In the Nordics, another of our portfolio companies is leading the charge on decarbonizing ferries. Nordic Ferry Infrastructure already operates electric and hydrogen-powered vessels across its fleet and aims to have 60 percent green vessels by 2030. We’ve also invested in electrifying yard spotters and in decarbonizing ship cargo handling machinery.

If a particular form of transport is to make the transition away from fossil fuels, it has to make financial sense. Buyers need to see that the total cost of ownership is at least somewhere near parity with a fossil fuel-powered equivalent. That’s somewhat true of electric cars still: not everybody can afford to pay the Model S or Model X premium. The same is also true of other forms of road transport.

But we’re getting close to achieving parity for electric cars, as well as for light trucks, as technology continues to advance, leading to cost improvements and continued incentive support from the government. For mid-duty and heavy-duty trucks, we’re probably looking to 2026-27 to reach some sort of equilibrium. Reaching parity marks something of an inflection point because it’s a trigger for accelerated sales growth. As economics, use cases, regulations, and government incentives push fleets to electrify, there will be a significant demand increase for the required infrastructure that is needed to support electrification. Despite significant investment into charging infrastructure by both public and private investors, this area is still expected to be a bottleneck due to the amount of electricity demand it will generate.

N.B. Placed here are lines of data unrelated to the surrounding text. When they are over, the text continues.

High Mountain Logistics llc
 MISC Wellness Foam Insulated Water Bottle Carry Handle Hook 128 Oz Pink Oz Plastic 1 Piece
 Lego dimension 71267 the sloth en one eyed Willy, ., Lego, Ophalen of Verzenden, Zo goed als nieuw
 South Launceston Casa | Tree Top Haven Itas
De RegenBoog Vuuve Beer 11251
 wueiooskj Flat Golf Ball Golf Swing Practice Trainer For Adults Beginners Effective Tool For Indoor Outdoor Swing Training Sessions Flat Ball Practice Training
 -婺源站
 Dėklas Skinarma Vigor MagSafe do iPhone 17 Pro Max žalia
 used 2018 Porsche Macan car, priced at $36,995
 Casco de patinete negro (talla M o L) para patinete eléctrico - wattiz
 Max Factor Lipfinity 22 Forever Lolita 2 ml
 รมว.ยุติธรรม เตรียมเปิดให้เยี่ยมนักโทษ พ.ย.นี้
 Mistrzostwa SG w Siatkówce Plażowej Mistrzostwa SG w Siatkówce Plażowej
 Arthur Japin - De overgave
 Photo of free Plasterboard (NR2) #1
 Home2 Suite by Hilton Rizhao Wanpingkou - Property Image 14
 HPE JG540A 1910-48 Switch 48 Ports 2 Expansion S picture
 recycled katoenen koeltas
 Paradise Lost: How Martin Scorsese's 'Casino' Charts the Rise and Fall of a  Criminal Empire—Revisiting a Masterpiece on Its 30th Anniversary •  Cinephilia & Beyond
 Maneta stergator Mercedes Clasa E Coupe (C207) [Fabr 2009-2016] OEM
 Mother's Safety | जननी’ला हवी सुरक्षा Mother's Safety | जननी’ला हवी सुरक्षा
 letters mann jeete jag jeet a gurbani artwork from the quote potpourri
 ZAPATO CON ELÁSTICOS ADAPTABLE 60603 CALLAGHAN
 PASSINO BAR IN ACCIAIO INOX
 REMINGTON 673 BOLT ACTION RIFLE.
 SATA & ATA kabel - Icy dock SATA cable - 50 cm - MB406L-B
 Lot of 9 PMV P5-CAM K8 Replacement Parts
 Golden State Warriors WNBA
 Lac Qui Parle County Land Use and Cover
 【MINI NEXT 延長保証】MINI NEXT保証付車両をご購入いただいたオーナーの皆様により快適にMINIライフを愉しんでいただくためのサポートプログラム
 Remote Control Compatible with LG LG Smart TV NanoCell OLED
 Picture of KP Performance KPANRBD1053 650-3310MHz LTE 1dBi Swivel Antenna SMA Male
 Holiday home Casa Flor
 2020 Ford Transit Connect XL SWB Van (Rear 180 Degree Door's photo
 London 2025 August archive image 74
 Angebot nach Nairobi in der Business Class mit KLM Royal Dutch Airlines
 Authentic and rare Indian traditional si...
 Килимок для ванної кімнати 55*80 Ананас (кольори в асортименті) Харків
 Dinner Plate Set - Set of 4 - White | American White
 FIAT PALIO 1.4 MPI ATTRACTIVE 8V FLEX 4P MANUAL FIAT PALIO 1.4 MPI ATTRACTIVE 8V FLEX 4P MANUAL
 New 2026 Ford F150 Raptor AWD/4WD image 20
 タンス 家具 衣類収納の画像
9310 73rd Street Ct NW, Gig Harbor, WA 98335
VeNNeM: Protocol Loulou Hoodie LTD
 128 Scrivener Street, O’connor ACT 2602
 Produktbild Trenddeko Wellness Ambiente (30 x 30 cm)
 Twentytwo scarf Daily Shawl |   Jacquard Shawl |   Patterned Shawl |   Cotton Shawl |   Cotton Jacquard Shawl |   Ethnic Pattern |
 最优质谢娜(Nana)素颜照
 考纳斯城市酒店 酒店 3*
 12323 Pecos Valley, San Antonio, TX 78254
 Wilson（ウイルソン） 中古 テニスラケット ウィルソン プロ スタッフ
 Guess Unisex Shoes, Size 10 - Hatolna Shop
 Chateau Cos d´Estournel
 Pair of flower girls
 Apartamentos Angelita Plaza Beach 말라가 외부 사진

Herein lies another big part of our investment playbook: charging stations and other supporting infrastructure. We’ve invested in Voltera, which develops charging infrastructure necessary to support the full electrification of transportation. Voltera provides a turnkey fleet EV charging infrastructure to customers by acquiring real estate, setting up power connections, and procuring chargers and charge point operation software. Voltera is focused on providing high-powered EV charging at scale, which requires 5+ MW per location. With a first-mover advantage, Voltera is quickly becoming a leading EV Infrastructure developer. As of today, Voltera owns 21 sites in key hubs of the US and operates one of the largest operational sites for electric heavy-duty freight in North America

However we get there, it’s clear that demand for electric vehicle charging infrastructure is set to grow fast. In the U.S., electricity consumption in the transportation sector is expected to soar from 2GWs per year in 2020, growing to 65GWs annually by 2030 – and 100GWs per year by 2035.Charging infrastructure will need to meet a significant amount of that demand, so we’re planning and investing to get ahead of the curve.

So as we look at the bigger picture, we are excited about the investment opportunities that await us. The thematic trend of decarbonization has created multiple opportunities for value creation across the industry. And we believe our experience as an early investor in the electrification market will allow us to continue finding attractive investment opportunities across the transportation and logistics landscape.